Ao chegar no país, ele se deparou com uma cidade repleta de luthiers e com profissionais que respiravam a rotina de restaurar e consertar instrumentos de cordas. Só na cidade, havia 750 pessoas que trabalhavam com luteria e cerca de 200 ateliês com partita iva, uma espécie de CNPJ italiano. "Você vai no mercado e encontra o Lucas Salvadori (uma das maiores referências de luteria no mundo) fazendo compras", relembra encantado. A temporada no país durou três anos.
Amor à primeira vista
Como sempre morou e trabalhou no mesmo local, ao voltar para o Brasil, a prioridade era achar um lugar em que ele pudesse dormir e ainda construir os instrumentos. Mas isso não foi possível de início.
O trajeto entre seu ateliê, que ficava no centro de São Paulo, e sua casa, na zona norte, eram muito longos. A solução foi se mudar para um local mais perto do trabalho. Quando já estava acomodado em uma kitnet, ele recebeu um folheto anunciando apartamentos à venda.
O anúncio era convidativo: imóveis de 125 a 236 metros. Foi aí que André resolveu fazer uma visita e, depois de algumas negociações, arrematou o imóvel de frente para o Minhocão. "Eu bati o olho e falei que seria meu", relembra o luthier, que recebeu a reportagem de TAB no aniversário de mudança para o apartamento.
Mesmo sendo antigo — o prédio foi construído na década de 1950 —, André não precisou fazer grandes ajustes e transformou o espaço de mais de 200 metros quadrados em sua oficina de violinos e também em uma casa. Segundo ele, morar no mesmo local em que produz os instrumentos agiliza muito a rotina de produção, já que são mais de 12 horas sentado e criando todos os dias.
As longas horas de trabalho têm uma explicação. São necessários quase três meses até que um violino fique pronto para chegar às mãos de um comprador — e mesmo depois de anos de prática, ele se atenta a cada detalhe quando começa a criar do zero.

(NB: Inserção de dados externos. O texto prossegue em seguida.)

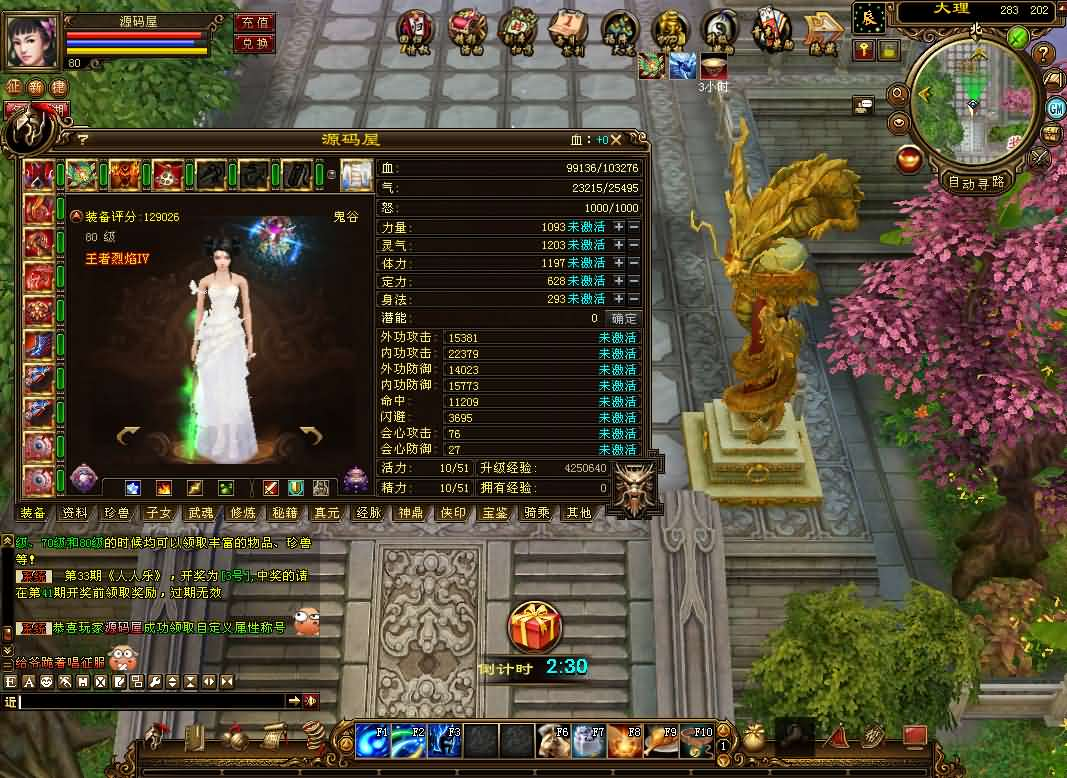 图片[9]- 一起游戏吧 | 网站源码 | 手游源码丨端游源码丨页游源码丨服务端丨架设教程 | 传奇源码 | 游戏源码经典武侠端游【天龙八部之王者烈焰4】最新整理单机一键即玩镜像端+Linux手工服务端+PC客户端+GM工具+详细搭建教程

No espaço do ateliê, cada peça, pote e gaveta tem um nome indicando em uma etiqueta, para que André saiba qual material pegar durante a fabricação dos instrumentos. "É um trabalho bem manual e completo", afirma. Ao longo da profissão, o luthier já fez mais de 130 instrumentos.
"Isso dá dinheiro?"
Desde que começou no segmento, não faltaram perguntas sobre o que, de fato, faz um luthier. No início, ele tentava explicar, mas como muitas pessoas ainda não sabiam o que significava, ele resumia o trabalho dizendo que construía violinos. "Eu já recebi perguntas como 'o que é isso? E dá dinheiro?'. Não era todo mundo que conhecia", afirma o artista.
Com o passar dos anos, André nota que o nome foi ganhando força e, quando começa explicar sobre a profissão, as próprias pessoas já o interrompem e completam a frase com 'você é luthier!'. "Estão melhorando o nível de conhecimento sobre o que é um luthier.
Quando fala sobre o passar dos anos, o luthier diz que é recente — cerca de uns cinco anos para cá. Segundo André, a falta de entendimento sobre o universo musical ocorre justamente pela falta de incentivo à cultura no Brasil. "Em países da Europa e até Estados Unidos, você vê um incentivo aos adolescentes. Você tem matérias de música e incentivos para área na escola."
Ele ainda opina sobre o mau entendimento que algumas pessoas têm sobre programas de incentivo à cultura no país, como a Lei Rouanet. "Tem uma confusão sobre isso para alguns artistas aqui. Ser músico ou trabalhar com isso é uma profissão como qualquer outra — e pode tirar alguém de uma depressão. Hoje, ela está no plano de fundo de quase qualquer imagem", ressalta.
Muita gente também pergunta se André toca. "Mas para criar um violino não precisa saber tocar", diz ele, que deu uma palhinha para a reportagem enquanto mostrava os detalhes de um violino no terraço do prédio e refletia sobre um futuro mais promissor para os artistas do país.